I have run  `# Xorg -config xorg.conf.new -retro`

This gave the screen with the "X" for a cursor.  However that cursor did not move with the mouse - should it? The mouse cursor does seem to move, albeit slowly, outside that test.  When instaling I went through the mouse daemon and the mouse cursor did move.

I have then done  `# cp xorg.conf.new /usr/local/etc/X11/xorg.conf`

on *startx*  X11 will start, and displays on the screen fine (black background white windows with green title bars)  The clock at the top right hand corner works, but the system is unresponsive to mouse or keyboard.

Any ideas where it has gone wrong anyone?

Once I get this working I aim to set up KDE or gnome, so if the above is a problem that does not need fixing if I'm doing that please let me know.
thanks.
Peter


----------



## wblock@ (Sep 3, 2011)

Enabling dbus and hal in /etc/rc.conf only takes effect when the system starts.  So either restart the FreeBSD VM, or start dbus and hal manually:
`# service dbus start && service hald start`

The FreeBSD VM might also need drivers specific to the VM host, like x11-drivers/xf86-input-vmmouse.

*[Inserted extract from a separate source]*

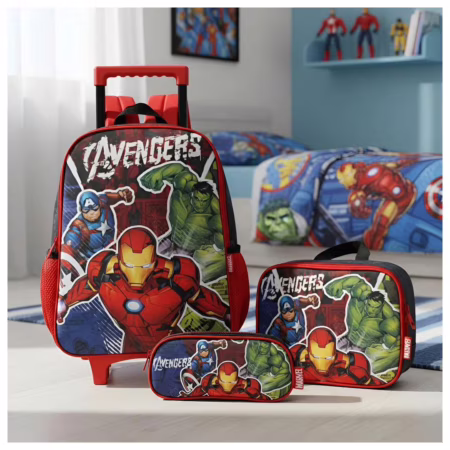 Kit Mochila C/ Rodas Estojo E Lancheira Avengers Luxcel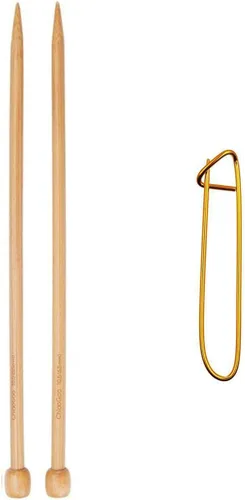 ChiaoGoo Agujas de tejer rectas de 9 pulgadas (9.1 in) de bambú natural tamaño US 9 (0.217 in) paquete con 1 soporte para puntadas Artsiga Crafts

PC-BSD is an alternative to setting everything up yourself.


----------



## pba (Sep 3, 2011)

Thanks.
I've installed that but it does not seem to have helped.


----------



## pba (Sep 5, 2011)

Hi,
still no joy.  Would it help to reinstall Xorg?


----------



## wblock@ (Sep 6, 2011)

pba said:
			
		

> Hi,
> still no joy.  Would it help to reinstall Xorg?



No.  99% likely this is a configuration/driver problem, which the VM complicates.

See this thread.

If that doesn't solve it, copy /var/log/Xorg.0.log to pastebin.com and post the URL.


----------